::: SUPPLIED MATERIAL :::

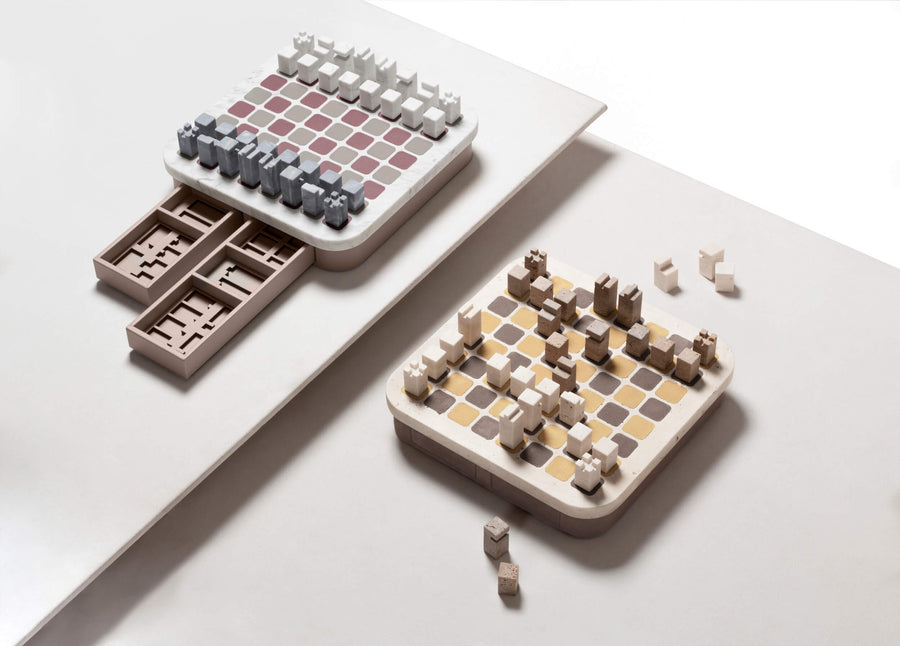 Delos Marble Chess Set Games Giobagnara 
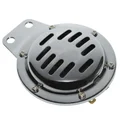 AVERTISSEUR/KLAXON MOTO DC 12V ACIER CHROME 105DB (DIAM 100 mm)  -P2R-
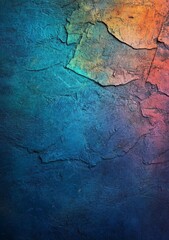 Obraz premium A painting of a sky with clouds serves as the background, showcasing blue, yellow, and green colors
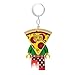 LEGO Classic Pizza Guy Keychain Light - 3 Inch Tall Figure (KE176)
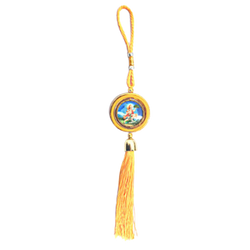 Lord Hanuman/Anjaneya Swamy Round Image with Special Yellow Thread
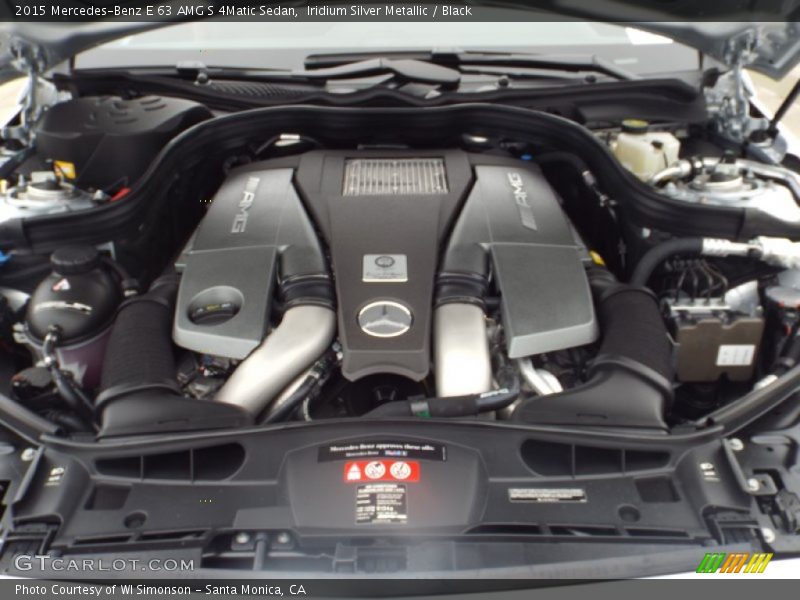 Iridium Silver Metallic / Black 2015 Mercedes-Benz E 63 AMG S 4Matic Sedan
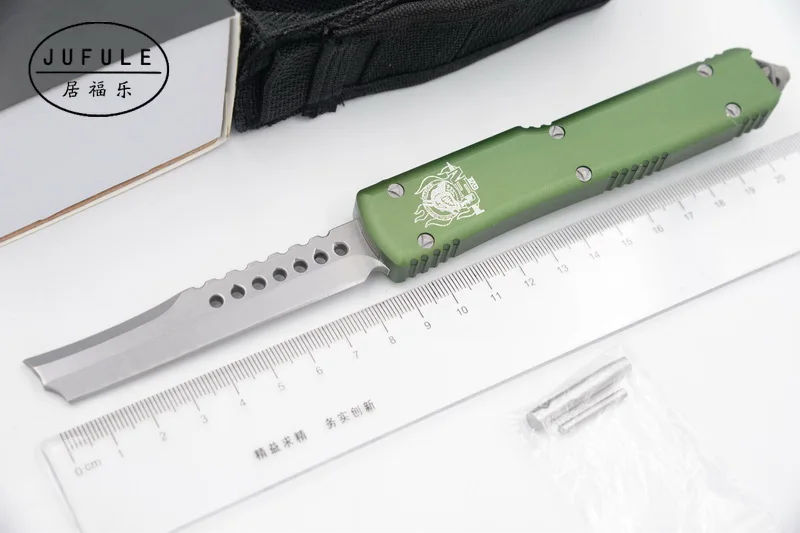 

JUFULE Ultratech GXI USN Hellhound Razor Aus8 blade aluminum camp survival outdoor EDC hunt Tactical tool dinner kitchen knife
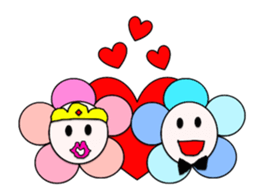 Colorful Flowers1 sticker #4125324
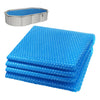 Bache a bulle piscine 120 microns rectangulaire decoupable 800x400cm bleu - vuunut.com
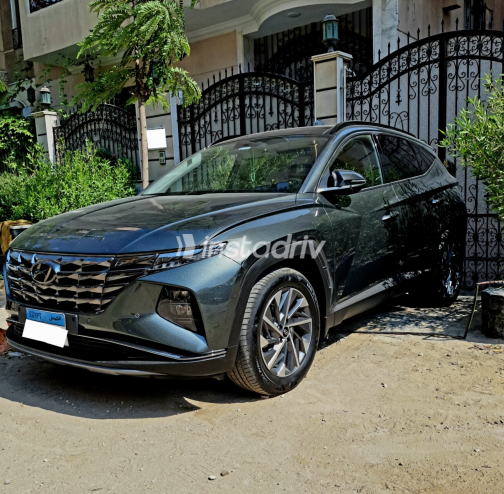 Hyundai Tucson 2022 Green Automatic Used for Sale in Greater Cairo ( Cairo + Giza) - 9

:::
::: SUPPLIED MATERIAL :::

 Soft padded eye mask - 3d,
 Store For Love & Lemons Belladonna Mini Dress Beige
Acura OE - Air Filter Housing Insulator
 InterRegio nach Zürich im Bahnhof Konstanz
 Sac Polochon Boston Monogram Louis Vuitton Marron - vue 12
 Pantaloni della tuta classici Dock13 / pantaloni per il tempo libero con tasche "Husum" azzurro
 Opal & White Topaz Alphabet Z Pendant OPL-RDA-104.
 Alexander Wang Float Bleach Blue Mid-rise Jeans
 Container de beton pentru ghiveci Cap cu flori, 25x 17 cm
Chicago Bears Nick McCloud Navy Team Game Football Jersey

:::

Beginning with the line that contains "Iridium Silver Metallic" and ending with the line that contains "Hyundai Tucson 2022", reproduce the listing exactly, pictures excluded.

▸ **REPLY**:
 Iridium Silver Metallic / Black 2015 Mercedes-Benz E 63 AMG S 4Matic Sedan

JUFULE Ultratech GXI USN Hellhound Razor Aus8 blade aluminum camp survival outdoor EDC hunt Tactical tool dinner kitchen knife
 Colorful Flowers1 sticker #4125324
 Bache a bulle piscine 120 microns rectangulaire decoupable 800x400cm bleu - vuunut.com
 Hyundai Tucson 2022 Green Automatic Used for Sale in Greater Cairo ( Cairo + Giza) - 9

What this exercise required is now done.